Decadence, Elegance and Resurrection


I cant begin to describe how in love I am with New Orleans. I’ve often said that I’ve traveled all over the states and many places had their charms but I’d trade none of it for my bay area. I found the exception off the bayou. New Orleans touches something in me that I havent found a voice for yet but I fully intend to visit and revisit till the words come.

Hidden within it’s dense, humid evening air is 400 years of secrets, legends, music, sex, cuisine, corruption, culture and beauty that insists upon slowing down and breathing deeply in every decadent, elegant piece. It becomes a part of you. If not for the complicated obligations holding me here I’d trade this place in for a first floor shop and upstairs apartment on Royal street in a second.

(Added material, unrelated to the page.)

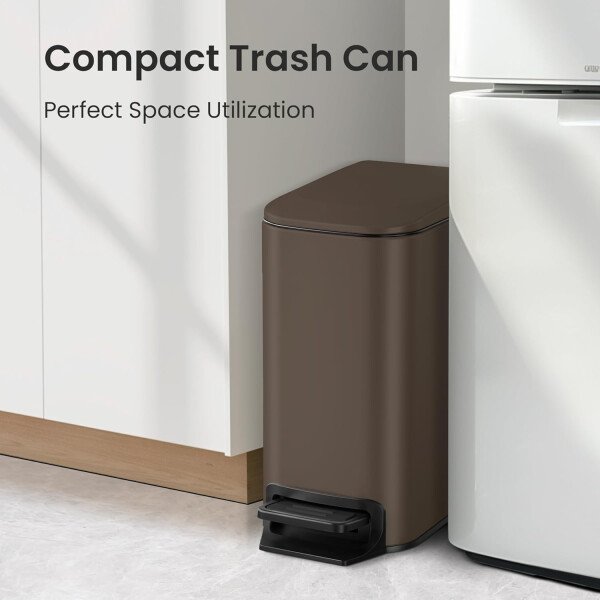 Cesun Cubo de basura pequeño para baño con tapa, cierre suave, pedal escalonado, cubo de basura de acero inoxidable de 6 litros/1.6 galones con cubo interior extraíble, acabado antihuellas (negro - Image 63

I am taken with the sense of family that permeates each subculture I passed through there. Everyone is somehow interconnected. It was almost as if I hadnt known I was holding my breath when confronted with NOLA’s playful, gregarious, baudy warmth. Sitting outside our hotel the first night three old women stepped out to hail a cab from the 50th anniversary party they’d been attending. They chatted as if they knew us about how nice it was to see the judges again and chuckled wistfully that they’d all outlived their husbands, dubbing themselves the First Widows’ Club. As one passed me to sit on a marble landing I told her to hang on. She set her hand on my thigh, looked me in the eye with a twinkle and this elderly woman of old Nawlins money said in a purposely lusty voice, “You said hold on” to bursts of cackles amongst them.
Later in the week we were sitting in a seedy bar having amazing red beans, rice and andoulie sausage when the bartender suddenly bolted out the door shouting after someone. She brought him back in, slapped him and gave him the business about slipping out the back on his tab a few nights back. He sheepishly paid up as she waved him off, saying not to do it again. She came right over to ask how we were as if we were regulars. This sort of casual, sensual familiarity played out over and over during our stay. It called to me all week long. It truly is the Big Easy and even as it still tries to find its footing post Katrina, (the upper and lower 9th wards made me cry in their ever-present X marked shacks acknowledging searches and bodies like so many poor man’s makeshift crypts) it is a stunning city in all it’s forms. Wherever we went we were welcomed warmly. people thanked us for coming and pleaded for us to let people know that Nawlins had survived. Indeed only half of it’s original 600,000 inhabitants ever came back. Only 1 in 10 remain in the 9th ward where people were handed down shotgun shacks and row houses generationally and had no insurance.

NOLA is San Francisco’s sensual, traveled great aunt, chuckling sweetly at it’s angst-fueled reinvention of the sexual wheel. Patting it’s chilly, damp, activist, no left turn allowing kin on the knee she proffers assuredly, “Oh honey, you just go have fun!” with the wink of a worldly retired whore. I cant wait to know her biblically again.